§ **Records from a data collection**:
== Segment start ==

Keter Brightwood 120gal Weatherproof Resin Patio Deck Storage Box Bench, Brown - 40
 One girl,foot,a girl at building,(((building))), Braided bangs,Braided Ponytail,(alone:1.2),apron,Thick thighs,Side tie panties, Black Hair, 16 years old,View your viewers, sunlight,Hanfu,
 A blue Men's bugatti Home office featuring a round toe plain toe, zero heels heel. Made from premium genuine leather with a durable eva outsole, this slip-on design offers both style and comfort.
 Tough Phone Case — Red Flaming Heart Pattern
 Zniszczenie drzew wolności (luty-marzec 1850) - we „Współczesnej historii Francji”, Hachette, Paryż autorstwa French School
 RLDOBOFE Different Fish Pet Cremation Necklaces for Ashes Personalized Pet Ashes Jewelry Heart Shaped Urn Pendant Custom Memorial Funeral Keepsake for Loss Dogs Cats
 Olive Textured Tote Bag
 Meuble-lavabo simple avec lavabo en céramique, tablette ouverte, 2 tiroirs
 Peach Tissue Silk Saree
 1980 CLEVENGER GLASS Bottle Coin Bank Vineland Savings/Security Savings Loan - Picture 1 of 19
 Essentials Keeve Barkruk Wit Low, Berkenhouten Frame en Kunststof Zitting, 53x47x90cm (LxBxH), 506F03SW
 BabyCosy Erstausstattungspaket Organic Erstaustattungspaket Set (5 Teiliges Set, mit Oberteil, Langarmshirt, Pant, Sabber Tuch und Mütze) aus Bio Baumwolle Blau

== Segment end ==

§ **How to complete this task**: Repeat the records above line by line, from the first line through the line that contains "Zniszczenie drzew wolności".

§ **Answer to the exercise**:
Keter Brightwood 120gal Weatherproof Resin Patio Deck Storage Box Bench, Brown - 40
 One girl,foot,a girl at building,(((building))), Braided bangs,Braided Ponytail,(alone:1.2),apron,Thick thighs,Side tie panties, Black Hair, 16 years old,View your viewers, sunlight,Hanfu,
 A blue Men's bugatti Home office featuring a round toe plain toe, zero heels heel. Made from premium genuine leather with a durable eva outsole, this slip-on design offers both style and comfort.
 Tough Phone Case — Red Flaming Heart Pattern
 Zniszczenie drzew wolności (luty-marzec 1850) - we „Współczesnej historii Francji”, Hachette, Paryż autorstwa French School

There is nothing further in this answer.